With the pictures set aside, write out all of the data exactly as it stands.
- - -
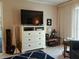 Living room featuring tile floors, white dresser, television, unique decor, and large window at 3756 Lake Bayshore # 509, Bradenton, FL 34205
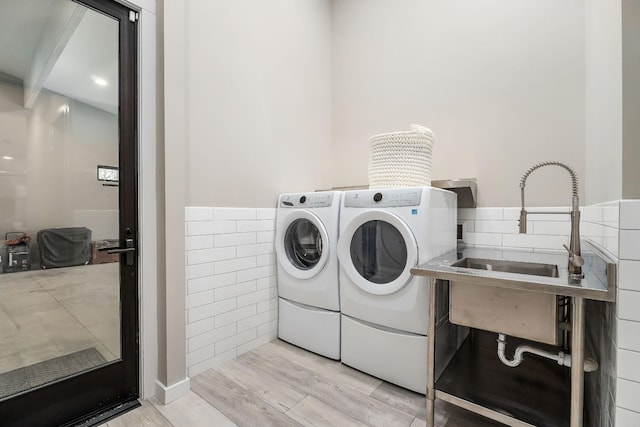 washroom with laundry area, a sink, tile walls, washer and dryer, and light wood-type flooring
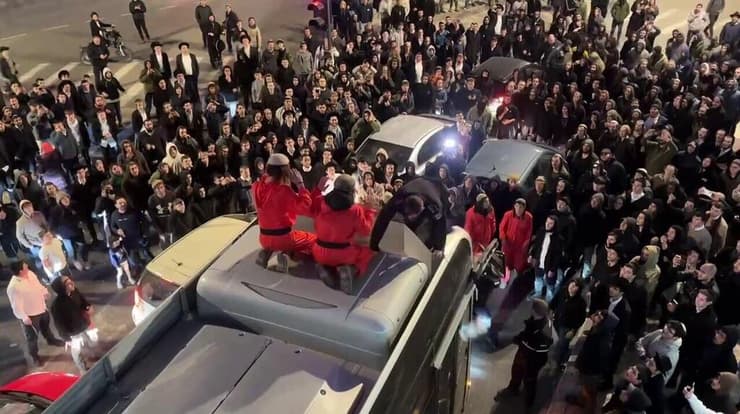 המפגינים המתיישבים עולים על אוטובוס שתקוע בחסימה בעקבות ההפגנה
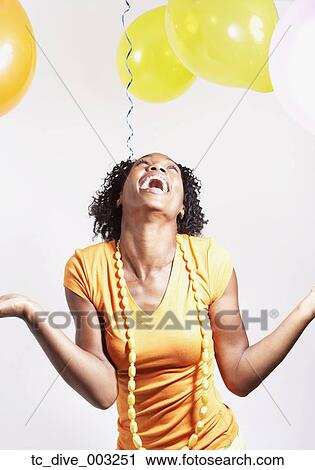 Studio shot of African woman laughing with balloons View Large Photo Image Stock Image - Studio shot of African woman laughing with balloons. Fotosearch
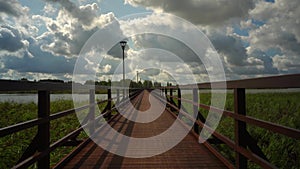 Empty wooden footbridge walking. Bridge connecting two shores of lake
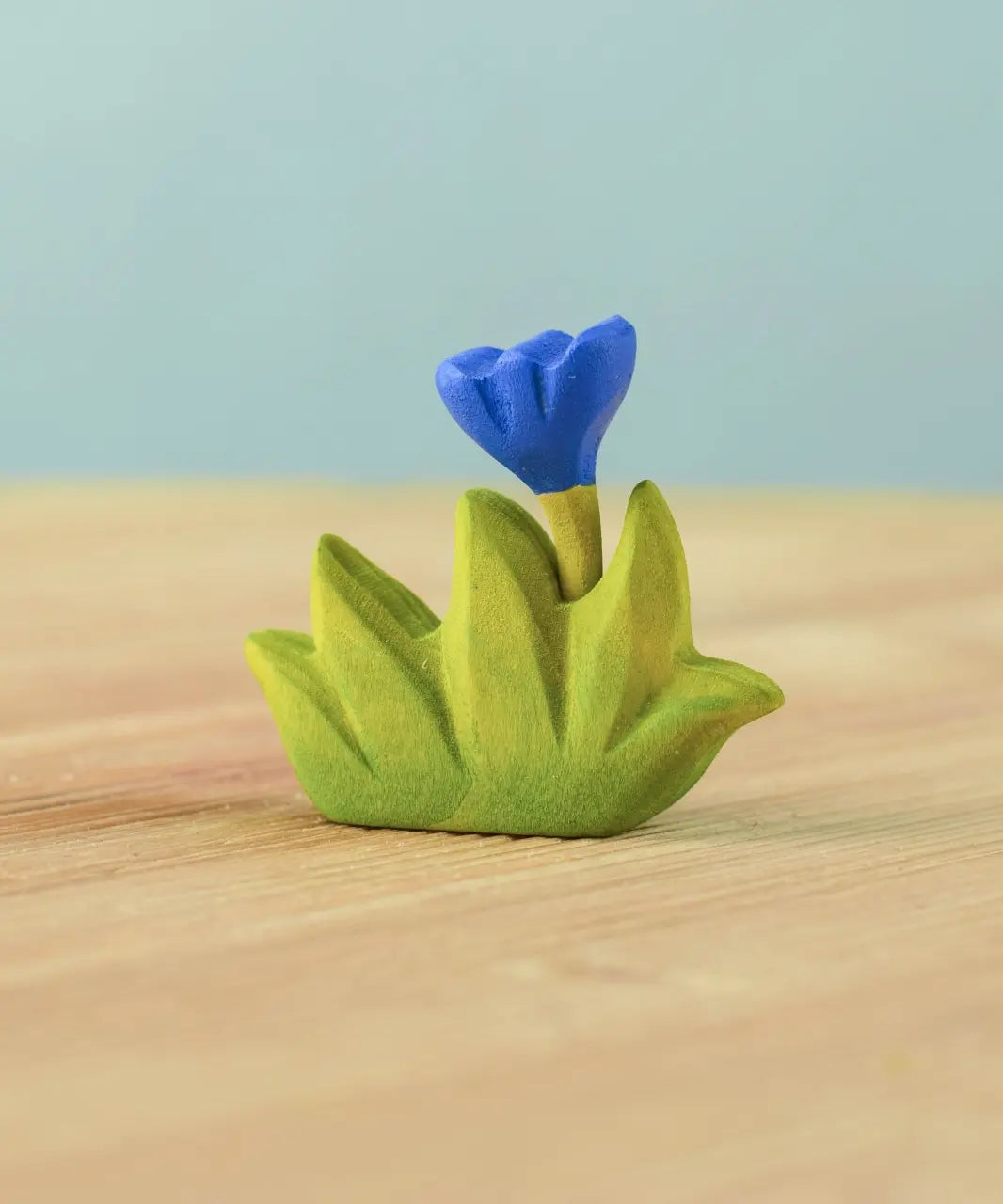 Bumbu small wooden grass with blue flower for use as scenery in small world play placed on a wooden surface.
- - -
Expected output —
 Living room featuring tile floors, white dresser, television, unique decor, and large window at 3756 Lake Bayshore # 509, Bradenton, FL 34205
 washroom with laundry area, a sink, tile walls, washer and dryer, and light wood-type flooring
 המפגינים המתיישבים עולים על אוטובוס שתקוע בחסימה בעקבות ההפגנה
 Studio shot of African woman laughing with balloons View Large Photo Image Stock Image - Studio shot of African woman laughing with balloons. Fotosearch
 Empty wooden footbridge walking. Bridge connecting two shores of lake
 Bumbu small wooden grass with blue flower for use as scenery in small world play placed on a wooden surface.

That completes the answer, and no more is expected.